Le temps est peut-être venu d’un changement de paradigme de sécurité dans le golfe Persique. Le projet iranien HOPE ( Hormuz Peace Endeavor / Initiative de paix d’Ormuz) pourrait être une hypothèse de travail, alors que le Conseil de coopération du Golfe est en faillite, et qu’un retrait américain est désormais possible.
1) Donald Trump : « Les Etats-Unis n’ont plus besoin d’être présents dans le golfe Persique. »

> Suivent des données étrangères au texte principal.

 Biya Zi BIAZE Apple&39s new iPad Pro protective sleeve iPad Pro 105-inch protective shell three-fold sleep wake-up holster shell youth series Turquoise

Quand les Britanniques se retirent de « l’est d’Aden » entre 1961 et 1971, le relais sécuritaire est déjà pris par les Américains – qui ont dès 1945 conclu avec l’Arabie saoudite un accord de protection. Pour sécuriser les approvisionnements pétroliers de l’Occident, et en particulier des Etats-Unis, Washington définit le golfe Persique comme « région vitale pour les intérêts américains », et y déploie la « politique des deux piliers » – l’Arabie saoudite et l’Iran. Et confie au shah d’Iran le rôle de « gendarme du Golfe », chargé de garantir et la libre circulation à Ormuz et la protection des monarchies du Golfe. La révolution iranienne de 1979, suivie de la guerre Irak-Iran, change la donne : les Américains prennent directement en charge la sécurisation du Golfe et la libre circulation dans le détroit d’Ormuz (garantie par le droit maritime coutumier.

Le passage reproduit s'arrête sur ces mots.